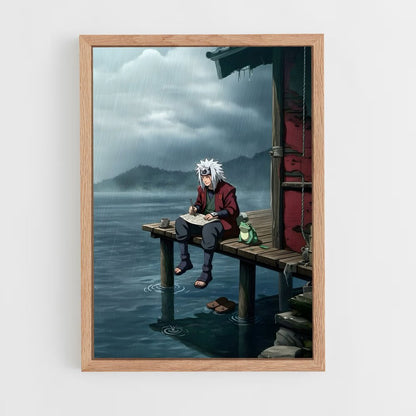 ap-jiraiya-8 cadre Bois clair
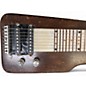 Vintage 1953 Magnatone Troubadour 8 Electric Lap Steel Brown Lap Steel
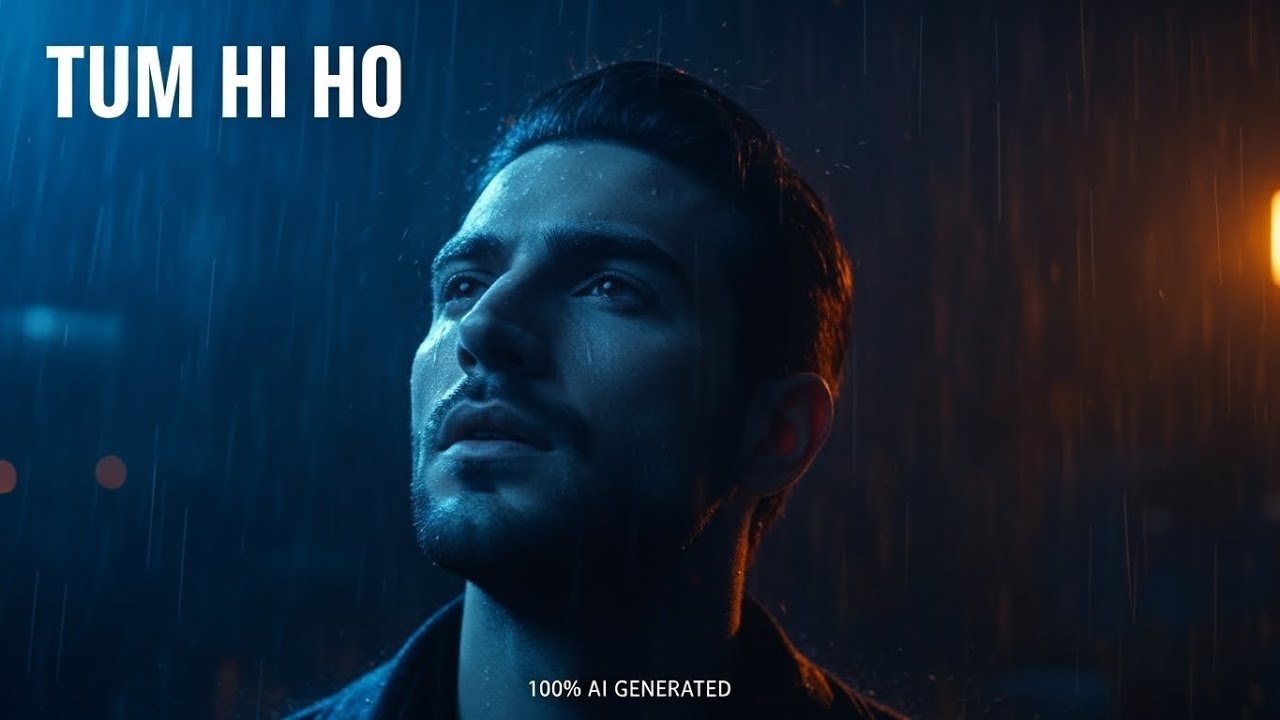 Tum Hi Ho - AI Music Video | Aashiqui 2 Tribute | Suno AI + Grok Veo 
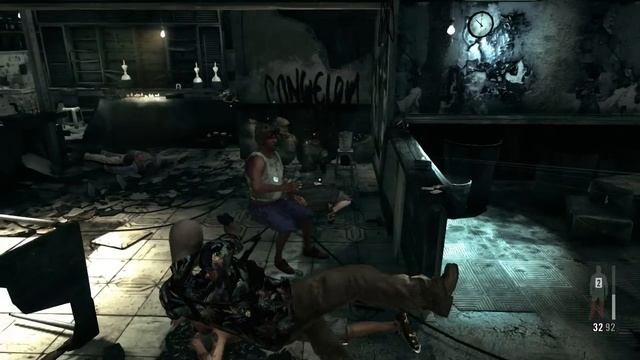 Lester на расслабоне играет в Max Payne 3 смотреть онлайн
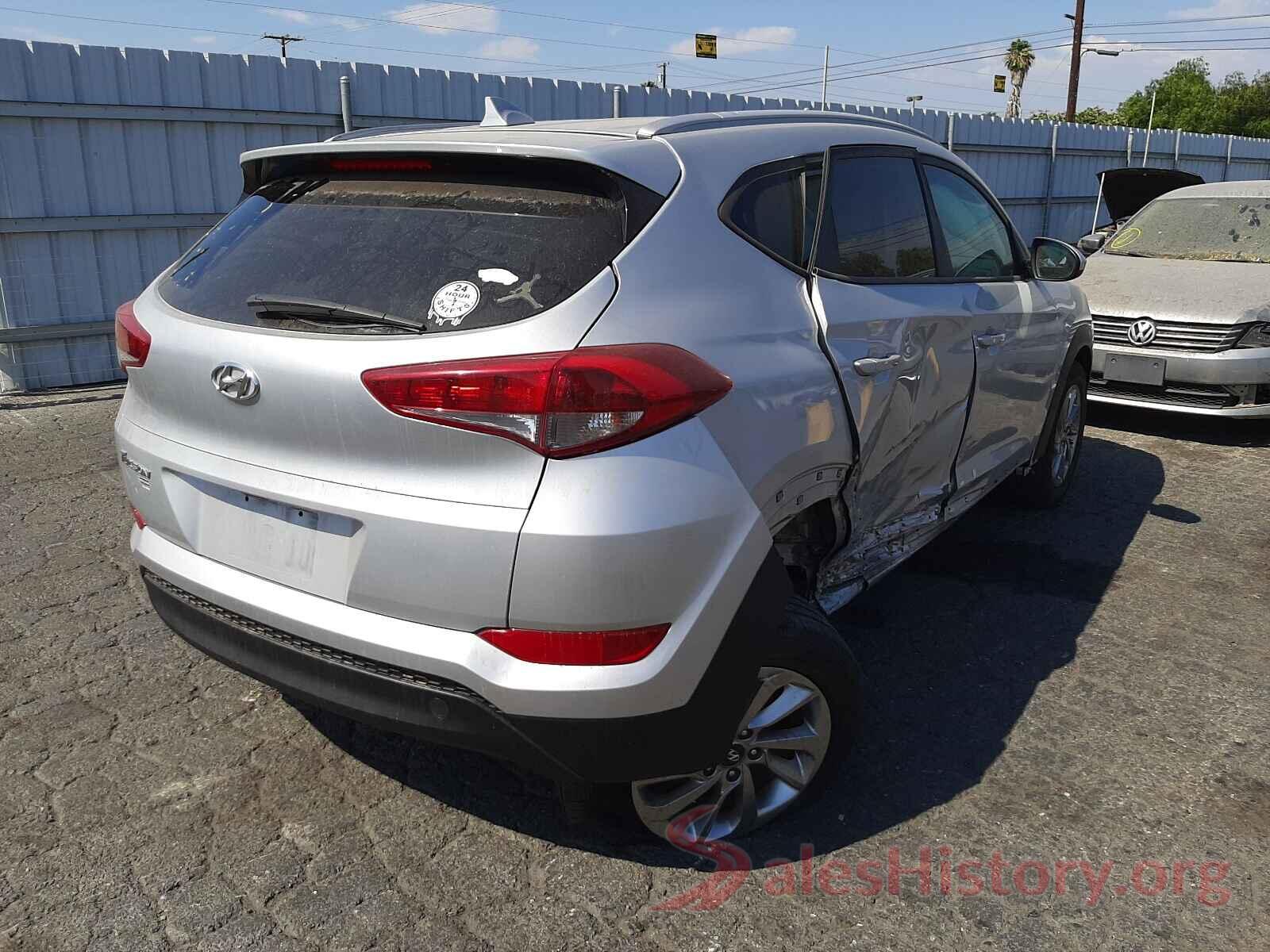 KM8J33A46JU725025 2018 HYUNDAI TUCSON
---
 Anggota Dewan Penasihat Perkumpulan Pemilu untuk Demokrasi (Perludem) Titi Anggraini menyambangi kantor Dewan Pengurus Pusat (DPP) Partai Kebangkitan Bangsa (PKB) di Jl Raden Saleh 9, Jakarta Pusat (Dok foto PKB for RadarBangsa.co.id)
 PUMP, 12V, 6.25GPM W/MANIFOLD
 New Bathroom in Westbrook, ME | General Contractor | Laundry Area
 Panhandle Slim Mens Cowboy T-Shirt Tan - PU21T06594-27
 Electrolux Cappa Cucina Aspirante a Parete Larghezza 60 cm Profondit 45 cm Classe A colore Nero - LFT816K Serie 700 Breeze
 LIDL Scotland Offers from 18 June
* * *
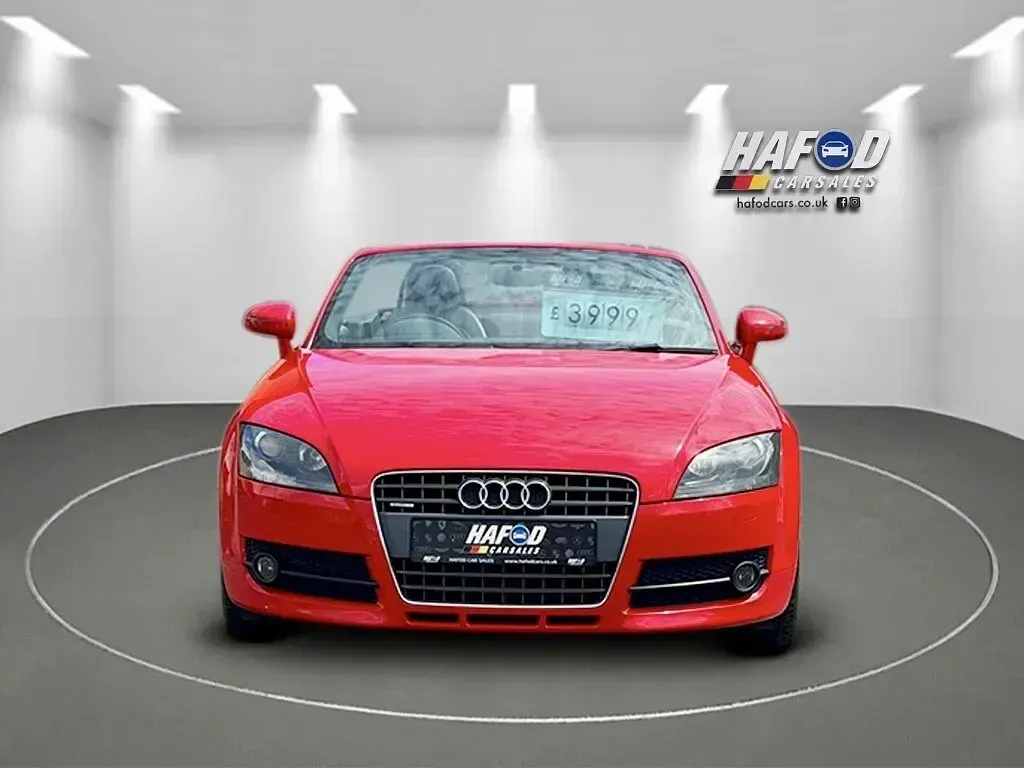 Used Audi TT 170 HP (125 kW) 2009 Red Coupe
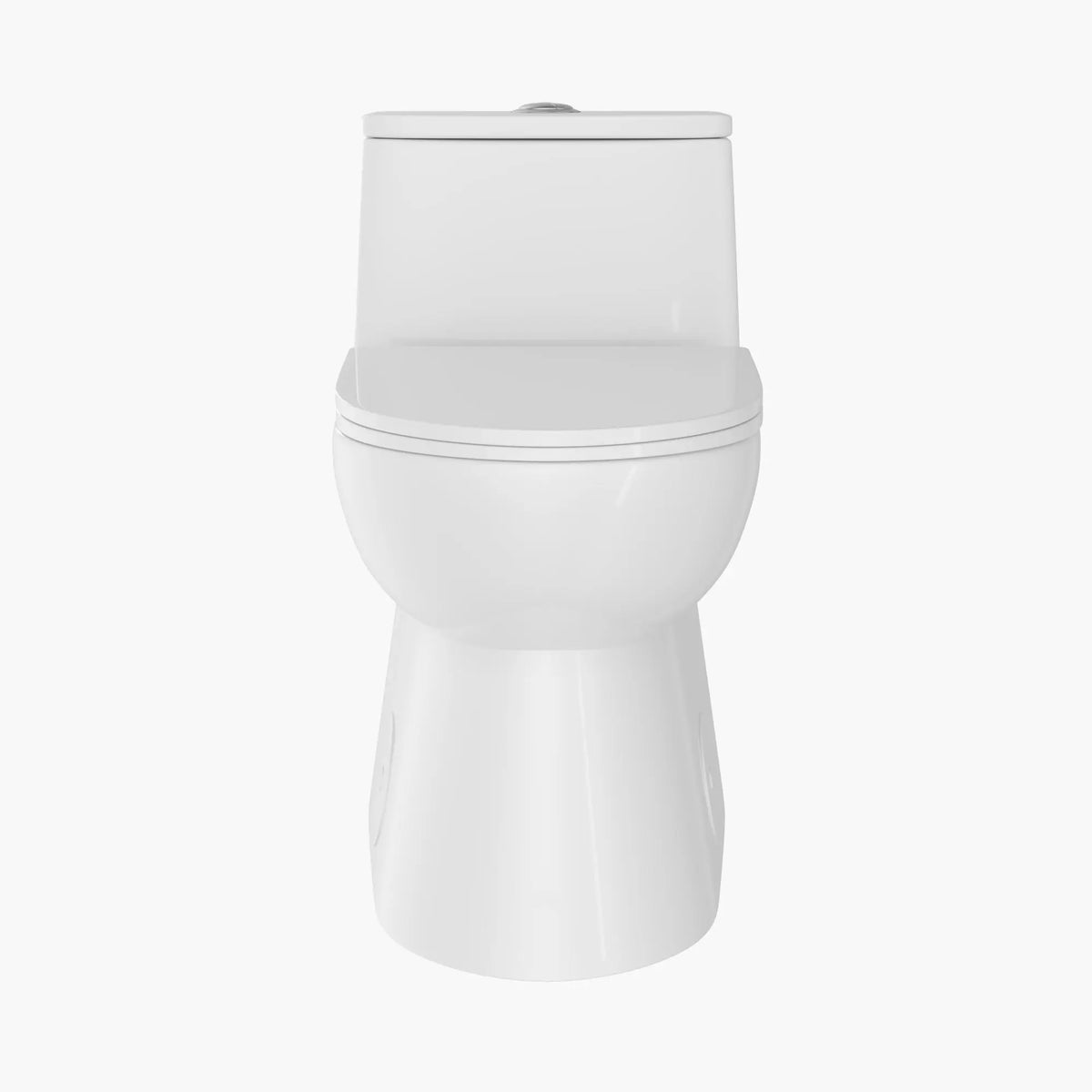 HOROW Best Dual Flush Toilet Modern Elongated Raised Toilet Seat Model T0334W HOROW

» Problem to solve: Could you return exactly the stretch of the data above that starts at the line with "New Bathroom in" and ends at the line with "LIDL Scotland Offers from 18 June", both lines included?

» Task solution:
 New Bathroom in Westbrook, ME | General Contractor | Laundry Area
 Panhandle Slim Mens Cowboy T-Shirt Tan - PU21T06594-27
 Electrolux Cappa Cucina Aspirante a Parete Larghezza 60 cm Profondit 45 cm Classe A colore Nero - LFT816K Serie 700 Breeze
 LIDL Scotland Offers from 18 June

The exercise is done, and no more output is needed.